McShay said Sewell could go as high as No. 5 to the Cincinnati Bengals, who sent director of player personnel Duke Tobin and head coach Zac Taylor to Oregon’s pro day last week, and whose offensive line coach, Frank Pollack, ran Sewell’s pro day workout.
The Miami Dolphins at No. 6, with a young quarterback to protect in Tua Tagovailoa, also are in the market for an offensive tackle, and the Lions’ at No. 7, despite the presence of Decker and Crosby, could be hard-pressed to pass on a lineman that McShay said has All-Pro potential.
“These offensive tackles are really good,” McShay said. “I’m not saying they’re going to be the best in the league, but I think that Penei Sewell from Oregon, Rashawn Slater from Northwestern, and even (Alijah) Vera-Tucker from USC, I think they’re all plug-and-play starters right away. And I think that they’re going to be really good pros. I think they’re probably three of the safest picks in the first round, to be honest with you.”
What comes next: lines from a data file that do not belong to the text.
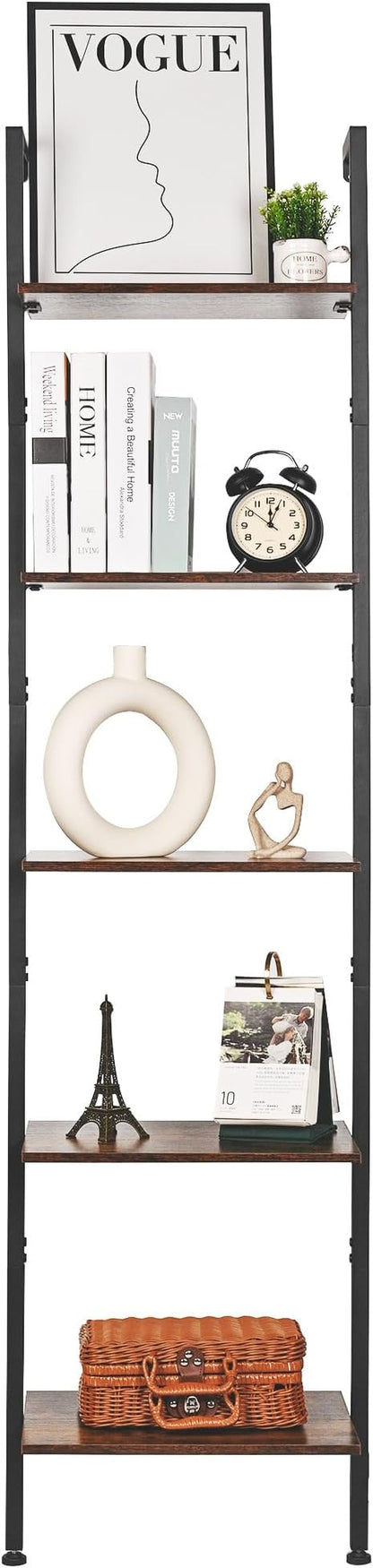 ELYKEN Ladder Shelf, 5-Tier Wood Wall Mounted Bookshelf with Metal Frame, Vintage Open Display Organizer Rack, Leaning Storage Shelves for Living Room, Bedroom, Home Office, Rustic Brown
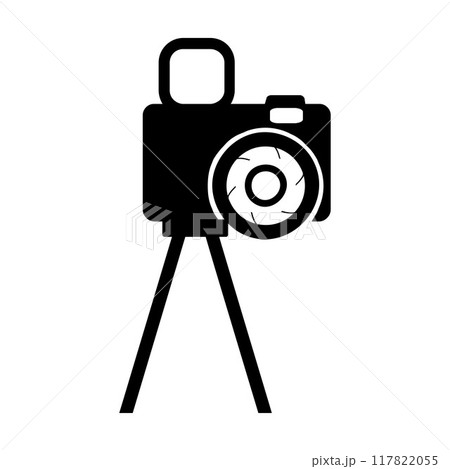 Camera tripod icon stands on a special front view, Old and New black white. Movie video vector illustration, Cinema camera icon. Camera tripod icon stands on a special front view, Old and New black white. Movie video vector illustration, Cinema camera icon. 117822055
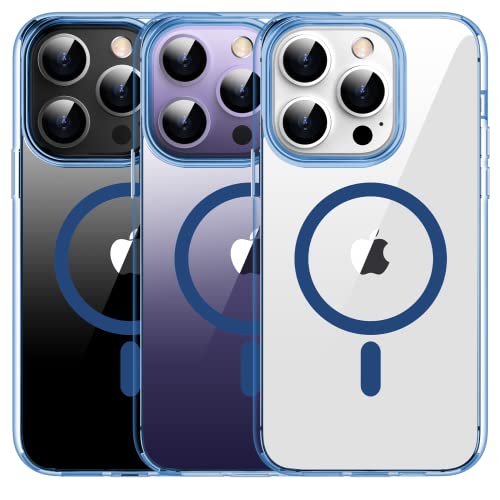 Meifigno Natural Mag Hülle kompatibel mit iPhone 14 Pro, [Militärgeprüft & Kompatibel mit MagSafe], Harter PC mit weichen Kanten, für iPhone 14 Pro 6,1 Zoll, Transparent Blau von Meifigno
Sewell said he has talked “here and there” with Lions coach Dan Campbell during the pre-draft process, and his punishing style seems to fit what Campbell and general manager Brad Holmes are trying to build in Detroit.
“I like to play real physical,” Sewell said. “I like to use my body type to my advantage and to really get up under people’s chin and to really showcase my mentality (that) I’m coming off the ball every play with violent intentions and that nothing less is coming from that.”